Tom: Any time you can separate the vibration … Noise is vibration. Noise is like a pebble in the water. You see the ripples go.
Charlie: Oh.
Tom: Ooh.
Charlie: We’re getting into the Zen of design now.
Tom: It is true. But, the fact of the matter is, if you can separate it, the better, but three air conditioning units on your ceiling joist, above your bedroom, it’s gonna sound like you hanging out at Bush Airport.
Charlie: I was gonna say, you’re out on the tarmac, yeah.
Tom: I had to move my mother’s air conditioner just because it was a brick wall and everything else just about 10 feet down, ’cause she couldn’t sleep when she was trying to sleep and that was about five years ago. Rick did it, actually, for me, at Absolute Comfort Air. But the fact of the matter is, yeah, you better talk to some people. Springs and rubber pads are not gonna help.
Charlie: No, no. But if you build a frame like that up there and separate it from it, it would reduce it some, don’t you think?
Tom: Maybe. I think it would be some, but for me to sit here on the radio and say “If you do it, you’ll never hear a thing,” I’m not gonna do it. Oh, no, no, no, no.
Charlie: I think it … reduction. It’s like people wanna soundproof a wall. No, you can deaden it but you’re not gonna soundproof it.
Tom: That’s right.
Charlie: And the same thing goes with this. I’m really wondering why that they don’t have some kind of dampener that you can put under there with offset bolts and a rubber gyrometer, something that would set it off.
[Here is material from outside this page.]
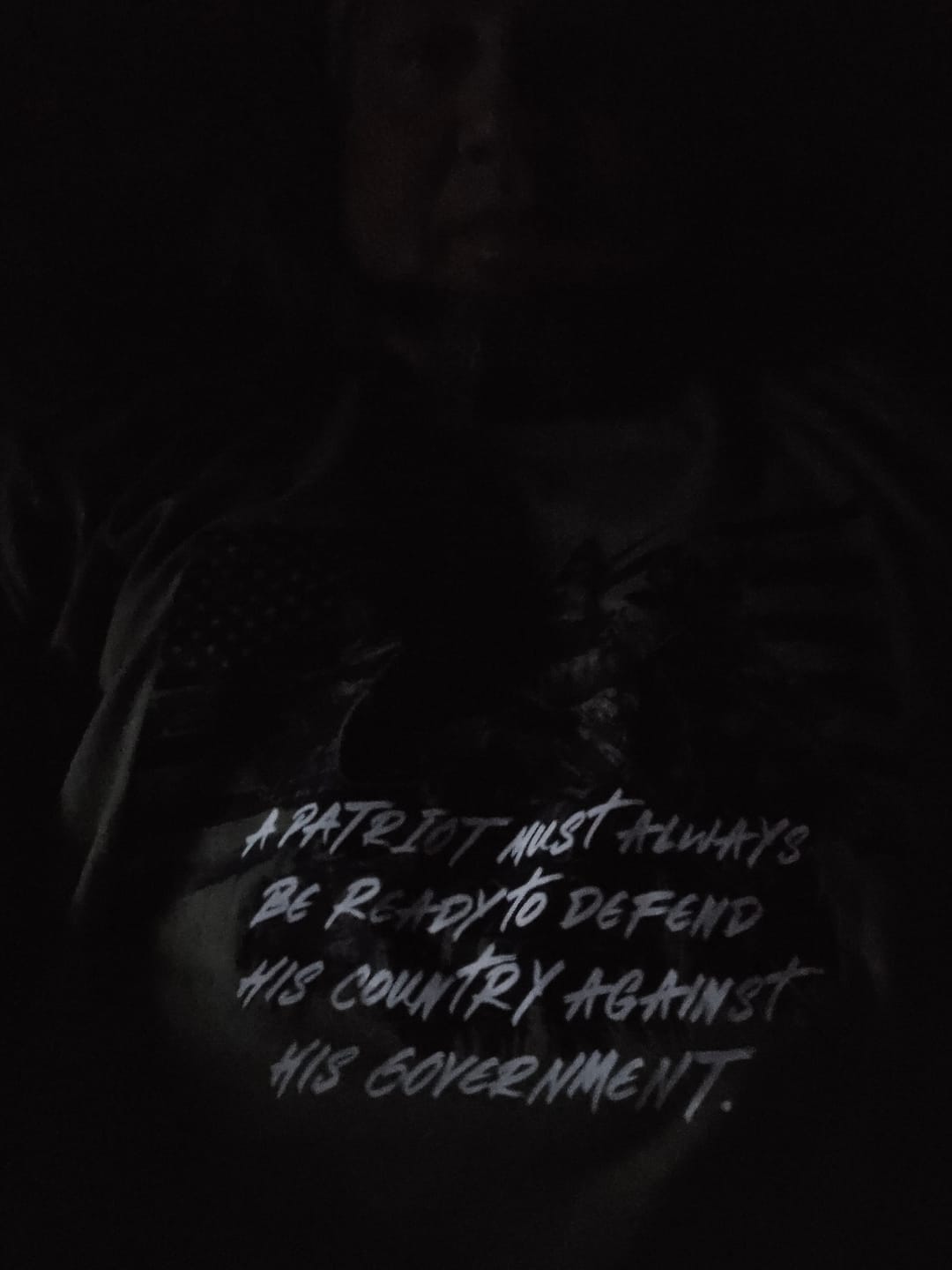 Customer photo review of FAFO Skull & Dagger T-Shirt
Tom: Because it’s vibration. Vibration on the framing, it’s gonna make noise. And I know you try to dampen it with rubber and stuff but if you still have that vibration it’s gonna be different decibel …
Charlie: So her beef really, is with the architect.
Tom: Well, the beef is, you shouldn’t have … yeah. Well, I don’t know about … I’m not gonna beat up the architect.
Charlie: Whoever designed the air conditioning system and put it to …
Tom: Put the condensers on the ground, where everybody else’s are, then you won’t hear the vibration.